Friday, October 27, 2006

Supreme Court grants cert on Microsoft/AT&T case

The U.S. Supreme Court on Oct. 27 agreed to consider an appeal by software maker Microsoft Corp. in a dispute over whether the company should be liable for damages overseas for infringing a software patent owned by AT&T Inc.

The issue is the "golden disk" and royalties based on the foreign manufacture and sale of infringing software products.

An earlier IPBiz post:
http://ipbiz.blogspot.com/2006/07/microsoft-infringes-through.html

***
Relevant to IBM and patent reform, David Berlind wrote of the IBM suit against Amazon:

For years, there have been a handful of companies trying to figure out how to erect a toll booth on the Web, if not the Internet altogether. In other words, they've been looking for some way to ensure that the Internet or some portion thereof can't work unless they get to collect a royalty on the majority of the Internet's traffic. Now, if a patent infringement suit filed by IBM against Amazon.com holds up in court, Big Blue may have finally found a way to collar the Web (or most of it). It may be a decade before we know the answer.

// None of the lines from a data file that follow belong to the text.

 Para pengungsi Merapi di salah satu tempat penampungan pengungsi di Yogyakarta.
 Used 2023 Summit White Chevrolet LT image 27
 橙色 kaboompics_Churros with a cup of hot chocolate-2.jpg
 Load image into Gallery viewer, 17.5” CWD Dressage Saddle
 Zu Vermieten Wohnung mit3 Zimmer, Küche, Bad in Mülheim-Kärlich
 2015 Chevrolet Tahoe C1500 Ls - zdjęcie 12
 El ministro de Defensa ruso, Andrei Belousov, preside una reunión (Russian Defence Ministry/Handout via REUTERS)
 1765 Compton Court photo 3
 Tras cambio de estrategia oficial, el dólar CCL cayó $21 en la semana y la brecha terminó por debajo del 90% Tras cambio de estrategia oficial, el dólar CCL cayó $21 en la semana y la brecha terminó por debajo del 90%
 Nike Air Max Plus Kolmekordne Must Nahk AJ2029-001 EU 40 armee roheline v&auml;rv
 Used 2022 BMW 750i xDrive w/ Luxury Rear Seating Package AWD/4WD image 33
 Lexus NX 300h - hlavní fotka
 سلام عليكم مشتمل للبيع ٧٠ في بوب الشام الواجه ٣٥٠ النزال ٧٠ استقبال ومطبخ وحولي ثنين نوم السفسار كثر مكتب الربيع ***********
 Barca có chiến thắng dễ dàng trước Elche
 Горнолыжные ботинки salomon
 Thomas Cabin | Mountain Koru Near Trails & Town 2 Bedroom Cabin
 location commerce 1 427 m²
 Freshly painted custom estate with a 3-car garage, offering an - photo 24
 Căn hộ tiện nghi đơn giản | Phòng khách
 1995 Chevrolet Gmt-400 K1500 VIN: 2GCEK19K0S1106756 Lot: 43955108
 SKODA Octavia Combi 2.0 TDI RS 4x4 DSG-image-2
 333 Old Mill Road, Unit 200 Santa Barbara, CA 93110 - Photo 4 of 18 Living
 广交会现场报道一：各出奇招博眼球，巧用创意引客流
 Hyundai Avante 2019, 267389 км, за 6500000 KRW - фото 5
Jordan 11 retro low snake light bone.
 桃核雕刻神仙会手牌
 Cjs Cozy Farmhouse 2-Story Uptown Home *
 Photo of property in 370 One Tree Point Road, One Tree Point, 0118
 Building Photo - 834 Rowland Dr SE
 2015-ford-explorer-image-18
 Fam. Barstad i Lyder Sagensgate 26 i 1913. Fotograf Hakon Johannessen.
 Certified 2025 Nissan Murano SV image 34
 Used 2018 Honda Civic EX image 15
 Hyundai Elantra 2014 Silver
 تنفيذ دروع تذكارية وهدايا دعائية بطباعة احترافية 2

Whether it was simply the prescience of IBM's engineers right around the time that the Web was born, or just a stroke of serendipity (perhaps connected with IBM's original association with the Prodigy online service), IBM appears to have a patent for online advertising. And now, nearly a decade and a half after IBM filed for the patent, and long after the online advertising environment has matured to a point that it's generating (in aggregate) billions of dollars for everybody from small businesses to Google, IBM's patent infringement suit against Amazon is the equivalent of Big Blue saying "Excuse me everyone, we've got something very important to say." Very important indeed if you own or operate a Web site with advertisements on it.